___ Given records ___
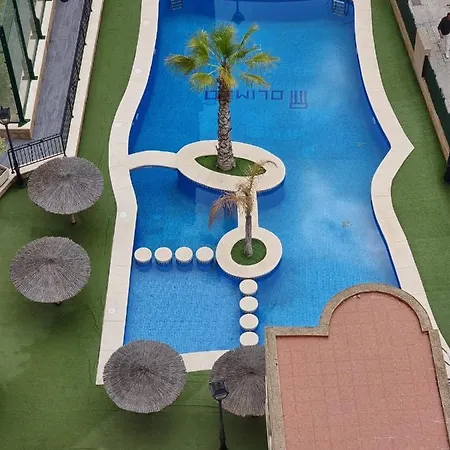 Apartament Olimpo Elite 8a *
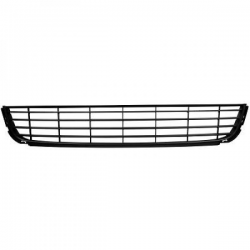 Grille de pare choc noir VW Golf 6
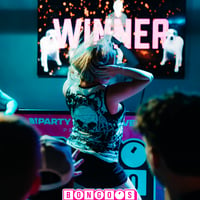 Bongo's Bingo Albufeira at Heaven Warehouse, Albufeira, 9 June 2026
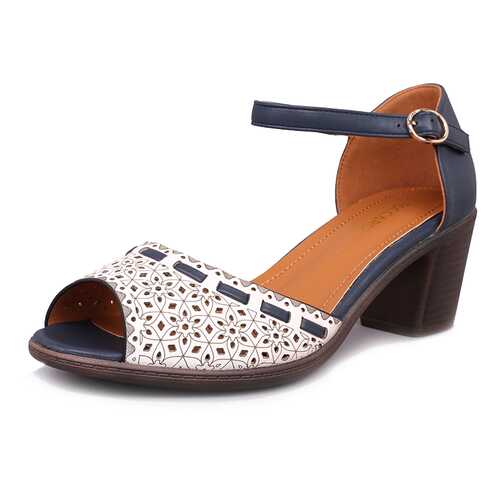Босоножки женские T.Taccardi 018062L0 синие 37 RU в FiNN FLARE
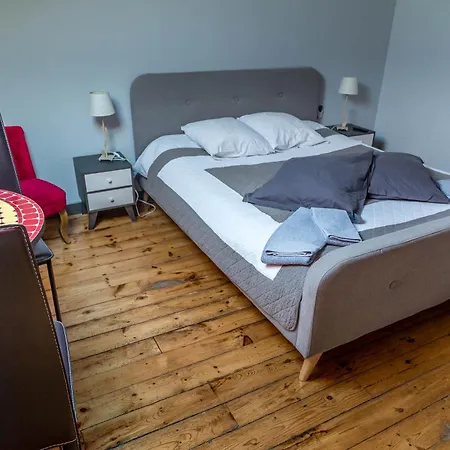 D'hôtes La Vigneronne 4* Senouillac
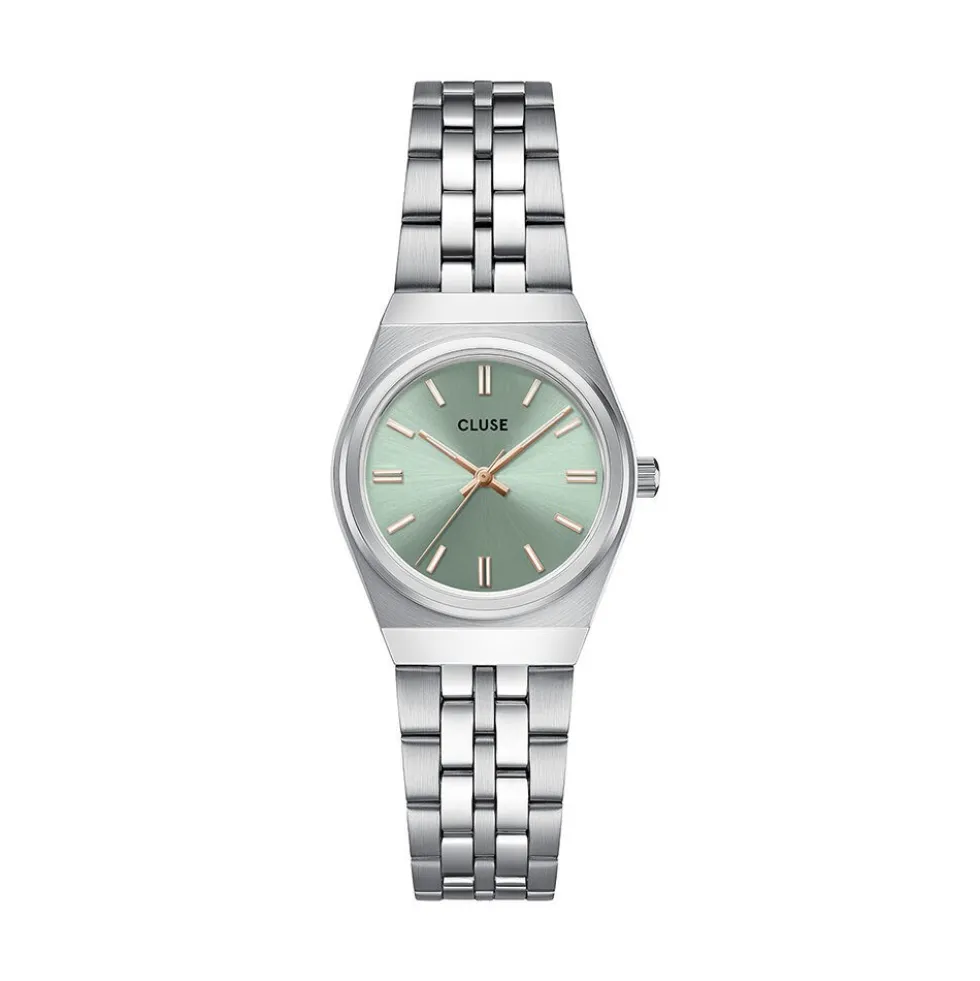 Montre Cluse Retro 70'S Mini Vert
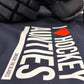 I ❤️ Hockey Aunties - Navy hoodie
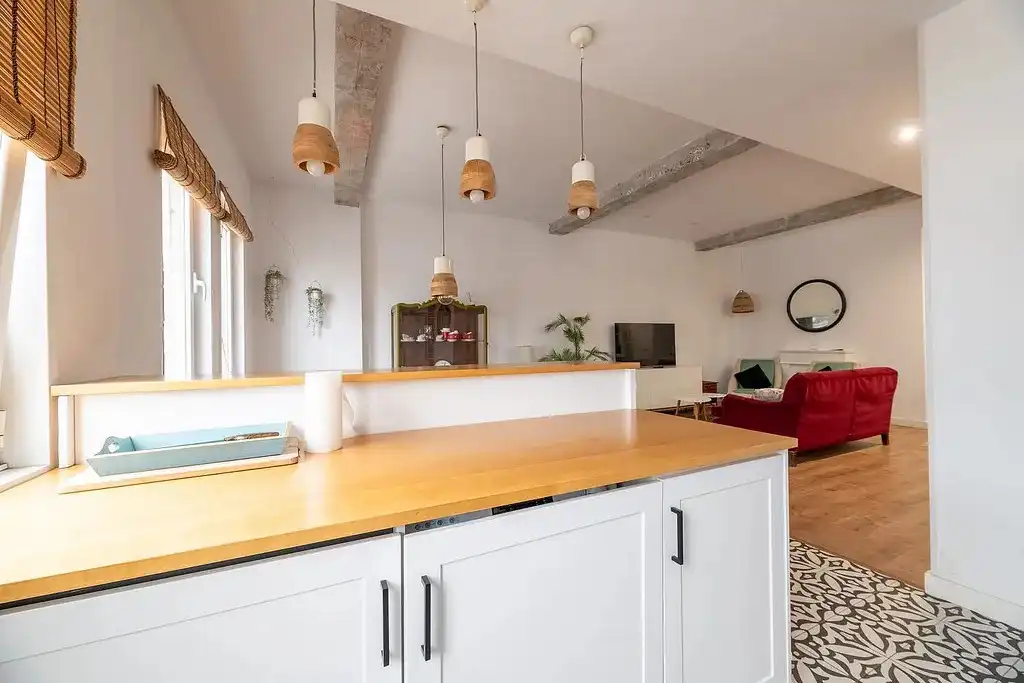 Flat for rent in Rúa Sol, Centro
___
- _What is being asked_
Could you return each line, unchanged, from the line containing "Bongo's Bingo Albufeira" through the last line of the entries above, leaving out the pictures?

- _Written reply_
 Bongo's Bingo Albufeira at Heaven Warehouse, Albufeira, 9 June 2026
Босоножки женские T.Taccardi 018062L0 синие 37 RU в FiNN FLARE
 D'hôtes La Vigneronne 4* Senouillac
 Montre Cluse Retro 70'S Mini Vert
 I ❤️ Hockey Aunties - Navy hoodie
 Flat for rent in Rúa Sol, Centro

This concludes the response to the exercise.